Author : Siddharth Yadav

Expert Speak Digital Frontiers
Published on Sep 26, 2024

BCIs hold great potential for treating neuromuscular disorders but raise ethical and safety concerns, particularly as governments and companies explore commercial and military uses.

The emerging safety and ethical landscape of Brain-Computer Interfaces

Image Source: Getty

Brain-Computer Interfaces (BCIs) are devices and systems that bypass the neuromuscular pathways in the body and allow communication between the brain and external devices. Typically, BCIs allow external devices like computers to act by acquiring signals from the central nervous system, analysing them and translating them into commands. The earliest tests for BCI development were carried out on monkeys in 1969 and 1970, followed by tests on human subjects in the 1990s. In 1991, scientists for the first time demonstrated that a cursor on a computer screen can be controlled by using brain waves. Early research focused on using BCIs to help patients with severe motor disabilities caused by conditions like neuromuscular disorders, brain stem strokes or spinal cord injuries. For example, one of the first clinical tests with invasive BCI was conducted on a person with ALS. Over the decades, advancements in technologies like machine learning, signal processing, and neuro-imaging have enhanced the efficacy of BCIs.

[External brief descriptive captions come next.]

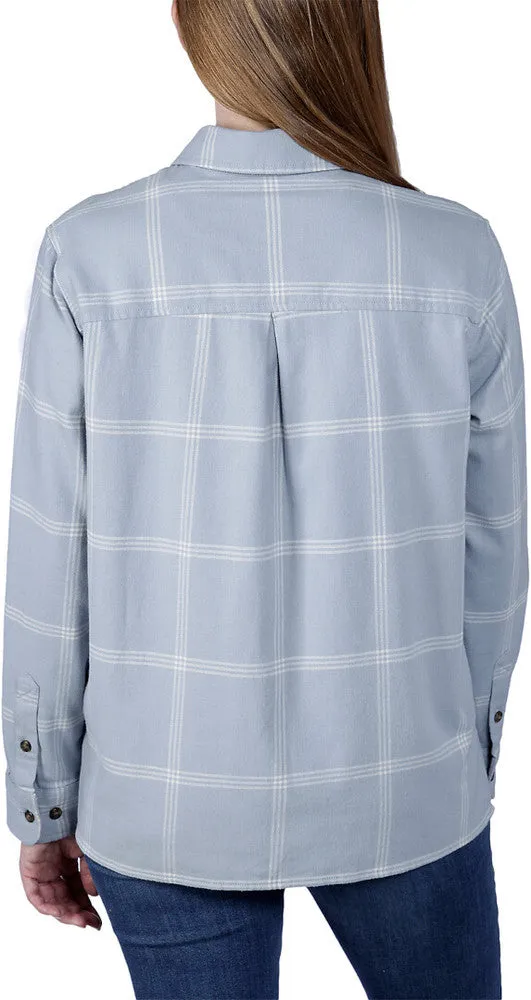 Carhartt Women's Medium Weight Loose Fit Flannel Shirt Light Blue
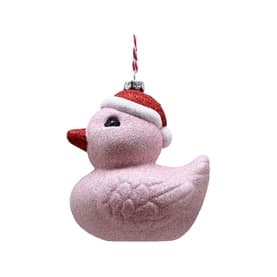 Glitter Duck With Santa Hat Tree Decoration
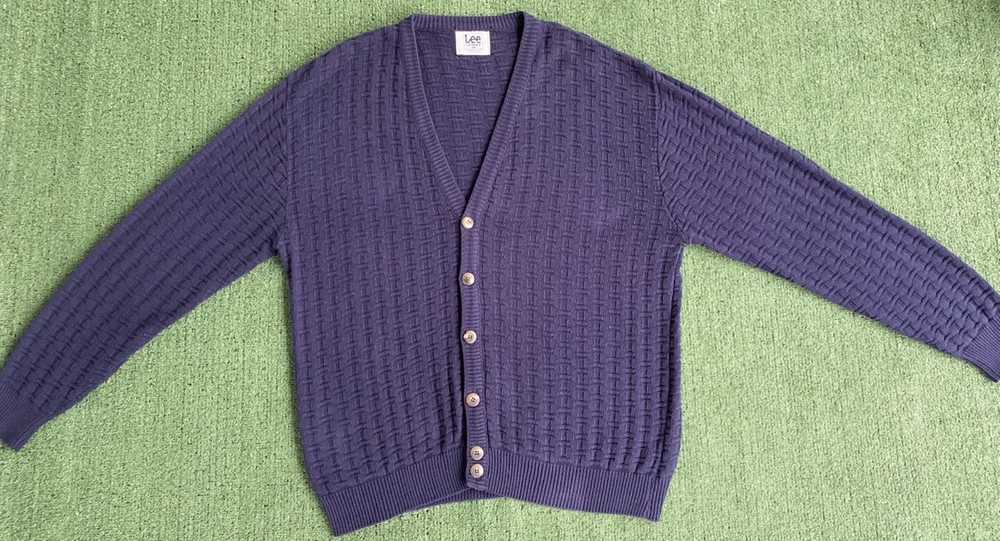 Lee Vintage 90’s Lee Sport Textured Navy Sweater … - image 2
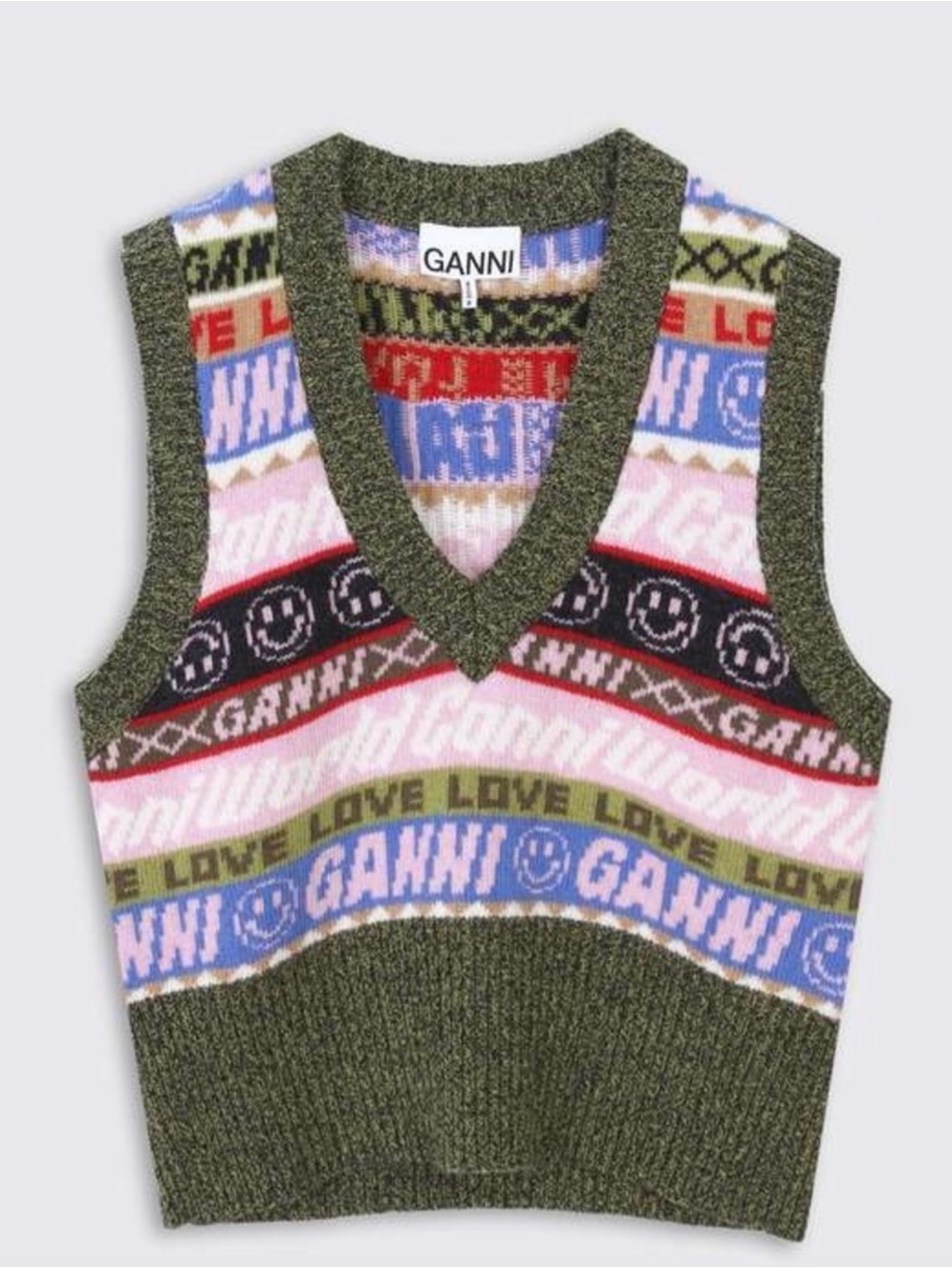 Ganni Multicolor Jacquard V-Neck Sweater Vest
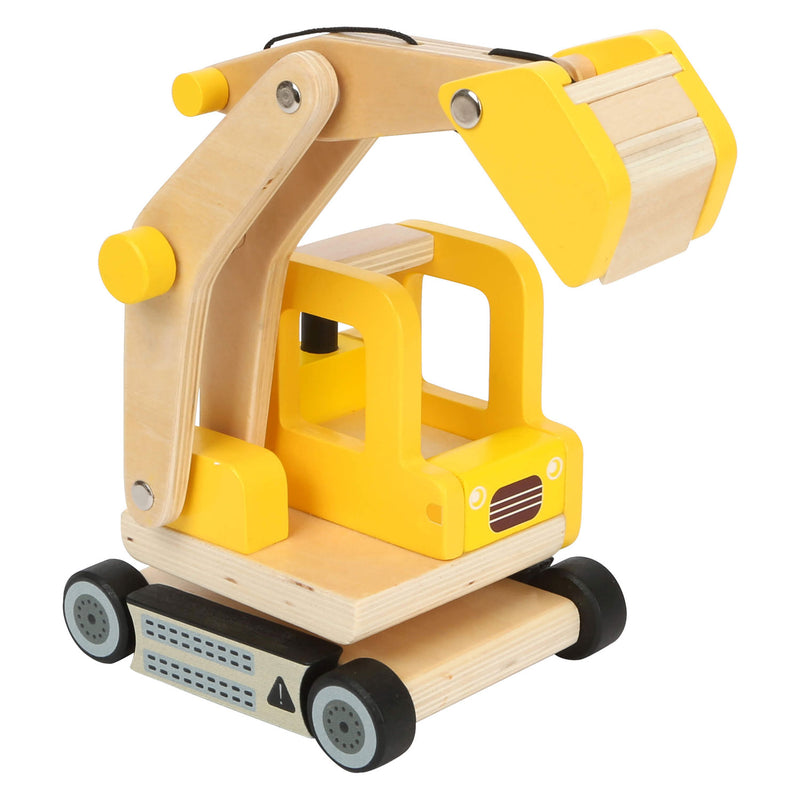 Load image into Gallery viewer, Small foot - houten graafmachine geel
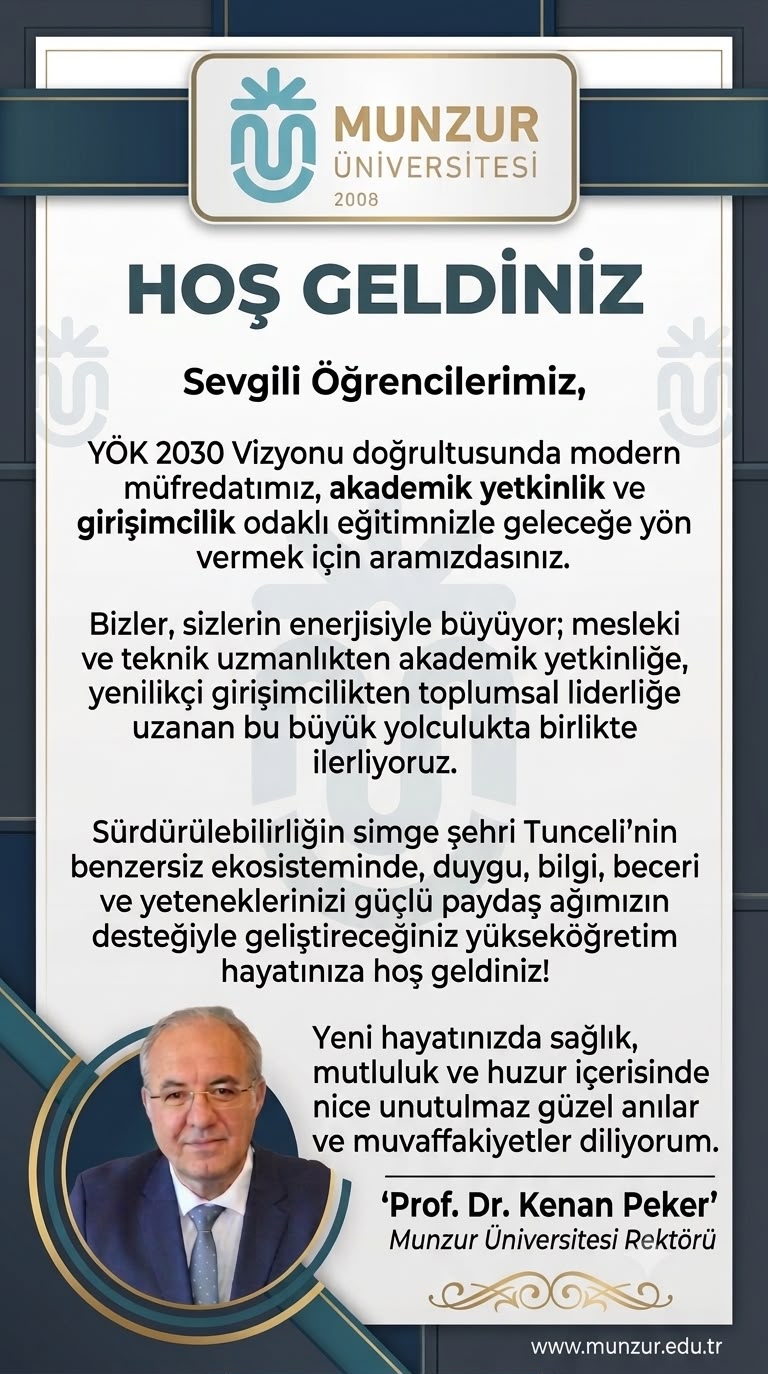 Rektörümüz Prof. Dr. Kenan PEKER'in Yeni Öğrencilerimize Mesajı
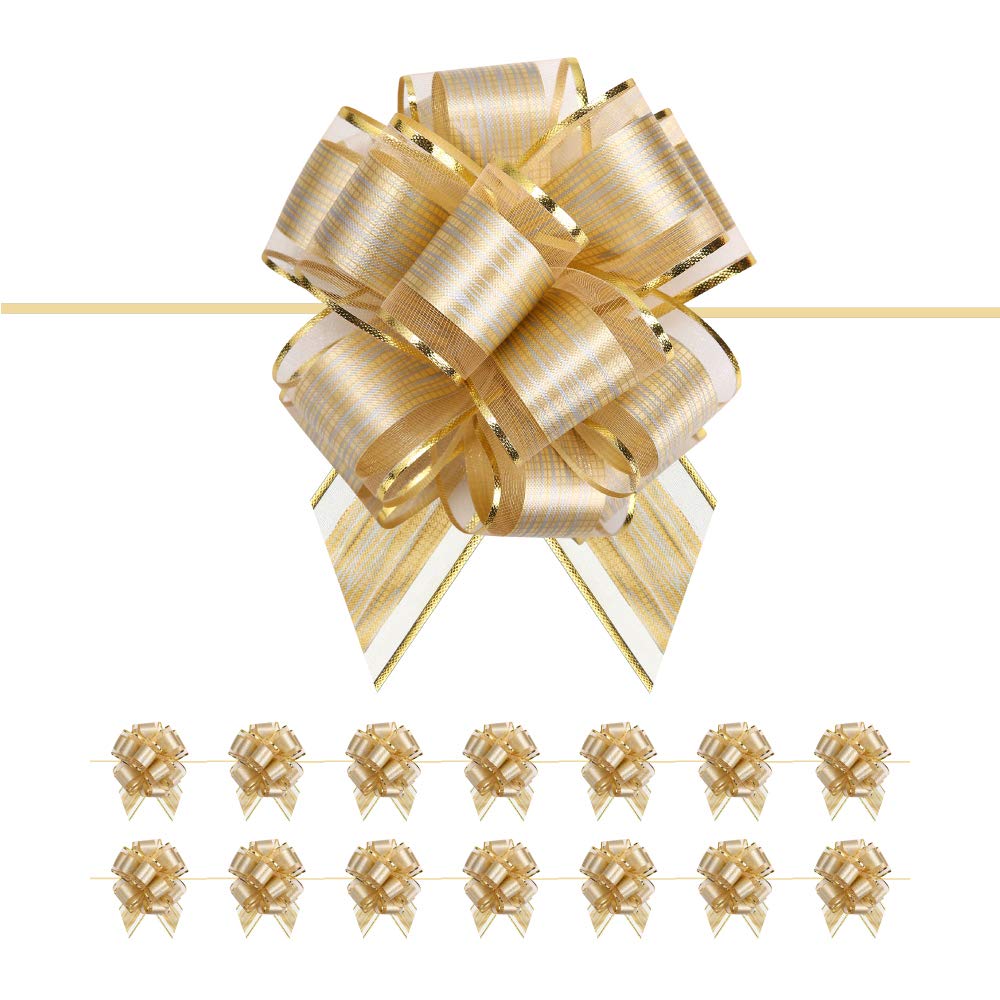 PACKQUEEN 15 Gold Gift Bows 6-inch Large for Presents & Baskets - Party Decor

EEG-based BCIs have more commercial viability as the BCI devices are more portable and the process involves placing sensors on the scalp, a modality that can be implemented using headsets.

The commercial popularity of BCIs has increased due to innovations in non-invasive BCIs that are more cost-effective and scalable than their invasive counterparts. Non-invasive BCIs employ electroencephalography (EEG) to monitor, acquire, and translate brain activity. EEG-based BCIs have more commercial viability as the BCI devices are more portable and the process involves placing sensors on the scalp, a modality that can be implemented using headsets. However, while invasive BCIs are more cost-prohibitive and require surgical intervention, they offer much more reliable data due to the high fidelity of acquired signals. BCI company Neuralink has already successfully used its invasive implantable BCI system to treat a quadriplegic patient. The success of the company has also begun signalling the arrival of a new age of human-machine interaction with the marketing of BCIs that can not only treat sensory-motor disabilities and degenerative neuromuscular conditions but also facilitate direct brain-to-brain communication.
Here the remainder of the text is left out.